Akhirnya kami pun sampai ditempat yang kami rencanakan, yaitu salah satu tempat wisata berendam air panas belerang Ciater Subang, pada pukul 12 tengah malam.
Dikarenakan acaranya dadakan, maka aku dan kedua temanku termasuk teh Wulan tidak membawa baju ganti, alhasil kami hanya duduk-duduk bermain air dan merendamkan kaki saja, sambil mengobrol diiringi canda tawa bersama teman-teman yang lain, namun telponku terus berdering.
Jujur saja aku merasa risih karena hampir 5 menit sekali telepon itu berdering dan membuat teman-temanku yang lain mengejeku.
Aku bangkit dari pinggiran kolam menuju meja penyimpanan barang, mengambil ponselku, lalu menjauh dari mereka, untuk menerima telepon.
"Iya ada apa yah?". Jawabku sedikit berbisik.
"Kamu sudah sampai teh?
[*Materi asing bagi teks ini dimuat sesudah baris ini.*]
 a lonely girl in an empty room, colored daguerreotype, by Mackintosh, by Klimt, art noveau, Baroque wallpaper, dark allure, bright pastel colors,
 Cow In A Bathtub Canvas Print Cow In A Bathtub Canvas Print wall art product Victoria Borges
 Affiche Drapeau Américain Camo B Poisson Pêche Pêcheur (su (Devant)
Dari tadi ayah telepon kok gak diangkat-angkat!"
"Sudah yah, ini ponselnya ditas, teteh lagi ngobrol sama temen-temen, jadi gak kedengeran!" Jawab Puteri bohong, padalah dari tadi ia sudah mendengar ponselnya berdering, namun ia abaikan.
"Ya sudah, jangan terlalu lama main airnya, nanti kamu masuk angin!!
"Iya yah!!!" Kemudian aku menutup teleponnya. Dan kembali duduk bersama teman-temanku.
20 menit kemudian teleponku terus berdering lagi, aku pun segera bangkit lagi dari pinggiran kolam, menghampiri meja, dan kulihat panggilan masuk dari ayah, dari sebrang sana kulihat tawa teman-temanku yang mengejeku.
" Cie yang dari tadi di telpon nya bunyi mulu!, kenapa kagak diangkat Put?, pasti cowok nya ya!," Ledek salah seorang temanku.
"Cowok? Gak salah tuh, paling juga ayah nya yang nelponin, kan si Puteri jomblo!," Balas teman yang lain.
" Hahaha dasar anak ayah!, malam minggu aja yang telepon ayah!, yang ngapel ayah!, kerja juga dianter jemput ayah!, kamu udah gede Put, masa iya gak punya pacar, cari pacar dong!, kamu kan masih muda! Maennya kurang jauh nih hahahaha".
Seketika senyumku hilang dan menjadi murung, mendengar ucapan mereka, mungkin maksud kata-kata mereka hanya bercanda, tetapi candaan itu jelas tidak ku sukai, hingga aku begitu risih mendengar telponku yang terus berdering.
Teh Wulan yang menyadari perubahan ekspresiku, lalu mendekat dan mencoba menghiburku, ia mengatakan jika aku tidak perlu memperdulikan ledekan mereka, abaikan saja, tidak perlu dimasukan ke dalam hati.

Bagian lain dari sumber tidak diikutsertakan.